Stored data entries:
..........

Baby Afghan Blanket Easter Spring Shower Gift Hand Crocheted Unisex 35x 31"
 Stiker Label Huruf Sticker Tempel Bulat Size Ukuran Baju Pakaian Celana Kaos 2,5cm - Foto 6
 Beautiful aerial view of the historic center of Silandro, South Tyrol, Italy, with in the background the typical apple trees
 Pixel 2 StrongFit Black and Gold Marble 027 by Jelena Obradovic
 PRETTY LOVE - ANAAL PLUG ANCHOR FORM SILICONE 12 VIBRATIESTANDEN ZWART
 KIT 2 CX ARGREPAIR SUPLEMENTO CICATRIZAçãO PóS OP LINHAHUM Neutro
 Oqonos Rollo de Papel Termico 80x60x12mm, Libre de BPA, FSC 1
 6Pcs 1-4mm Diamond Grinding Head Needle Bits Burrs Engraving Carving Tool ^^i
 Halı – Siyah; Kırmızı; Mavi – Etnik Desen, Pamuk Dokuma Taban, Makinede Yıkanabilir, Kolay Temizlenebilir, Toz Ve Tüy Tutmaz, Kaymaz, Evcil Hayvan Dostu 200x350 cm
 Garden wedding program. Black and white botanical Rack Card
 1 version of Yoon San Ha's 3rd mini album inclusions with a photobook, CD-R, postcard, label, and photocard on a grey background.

..........

■ Exercise requirements
Each record needs to be copied out again, letter for letter.

■ Solution for this task
Baby Afghan Blanket Easter Spring Shower Gift Hand Crocheted Unisex 35x 31"
 Stiker Label Huruf Sticker Tempel Bulat Size Ukuran Baju Pakaian Celana Kaos 2,5cm - Foto 6
 Beautiful aerial view of the historic center of Silandro, South Tyrol, Italy, with in the background the typical apple trees
 Pixel 2 StrongFit Black and Gold Marble 027 by Jelena Obradovic
 PRETTY LOVE - ANAAL PLUG ANCHOR FORM SILICONE 12 VIBRATIESTANDEN ZWART
 KIT 2 CX ARGREPAIR SUPLEMENTO CICATRIZAçãO PóS OP LINHAHUM Neutro
 Oqonos Rollo de Papel Termico 80x60x12mm, Libre de BPA, FSC 1
 6Pcs 1-4mm Diamond Grinding Head Needle Bits Burrs Engraving Carving Tool ^^i
 Halı – Siyah; Kırmızı; Mavi – Etnik Desen, Pamuk Dokuma Taban, Makinede Yıkanabilir, Kolay Temizlenebilir, Toz Ve Tüy Tutmaz, Kaymaz, Evcil Hayvan Dostu 200x350 cm
 Garden wedding program. Black and white botanical Rack Card
 1 version of Yoon San Ha's 3rd mini album inclusions with a photobook, CD-R, postcard, label, and photocard on a grey background.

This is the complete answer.